We also provided financial support to the secretariat. In six months, Le 30, 000, 000 Leones was disbursed to the Secretary of the PLB, P.D. Green, for office upkeep.

The secretariat also raised funds from clubs licenses and life card for players. Each club paid Le 700, 000 for life cards in the first leg and 1, 300, 000 in the second league. These funds are left in the custody of the PLB secretary, PD Green.

Media engagement

Mr. President, the PLB engaged every sector of the media. That is the print, electronics and social media to not only inform the public but to generate the needed attention and discussions around the league.

A media committee was set up made up of six members and permit me to call the members to this forum and to be recognized. Alhaji Komba, Martin Wusha, Morlai Kargbo, Francess Barnard, Abu Mansaray, John Ngebah and….

These journalists mastered their trade and engaged all sports journalists to cover the events.

The media committee was allocated an 80 million budget to carry out its task. These funds were used to provide subsidies for sports journalists from various media institutions and carry out its activities.

The media committee started with a comprehensive one-day training for sports reporters on professional sports reporting and ethics to ensure that standards are upheld.

The Media Committee then created a Facebook page they kept the people informed on fixtures, results and other news on the game.

As a board, we are extremely grateful for the role these young sport-loving journalists played and the media landscape who reported the good, the bad and the ugly.

Support to Regions

With the start of the league, the regional FAs wanted to start their own leagues. They were never fortunate to raise the amount of money the PLB raised. As a result, the PLB decided that the funds we received from other sources should be committed to the regions.

The PLB gave le 25 million each to the western area, north, south and east to aid organizing the first division league in these regions.

The western and southern regions played a full-fledge league, northern regions received the funds but are yet to organize their league, and eastern region refused to take the funds for reasons best known to them. It was later reassigned to other use.

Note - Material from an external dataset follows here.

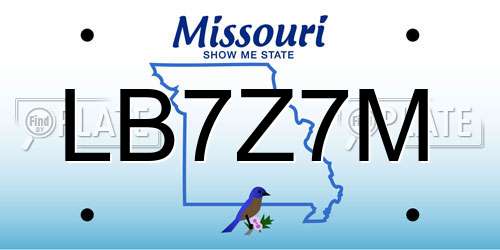 LB7Z7M Missouri License Plate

The issue of employment was a major achievement of this league. Over 520 young people employed at the Premier League level by 13 football clubs. This number doubled across the regional FA who played their first division leagues with more teams. About 88 Referees were engaged with allowances paid to them every week, the media and its reporters got subsidised, board members were paid sitting fees, about 50 people were engaged as match commissioners throughout the league, about 28 people as match coordinators, two referees coordinators and two accountants were paid monthly remuneration and consultancies to documentary makers.

The market women at the stadium have never seen a weekly return in sales like the last six months. The documentary speaks to that.

Ticket sellers became daily wagers and security manning gates got engaged

Mr. President, you will agree with me that while people think 3.5 million is a lot of money, just these statistics mean the outcome superseded the input.

Gate taking and SLFA Support

The Premier League collected Le 3,445,197,000 amounts from gate taking of all games across the country. The highest being the match between EE Lions and FC Kallon. 80% of these funds went to the clubs and %20 to the Board. Even this was affected because the attendance dropped by 80% during the months of Ramadan.

Off the 20%, 10% was given to SLFA secretariat to support them meet running costs. A time when Sierra Leone was under FIFA suspension and no funds to pay the salary of staff of the FA and maintain the secretariat, the PLB had to add 5% on the traditional 5% meant for SLFA to keep them running.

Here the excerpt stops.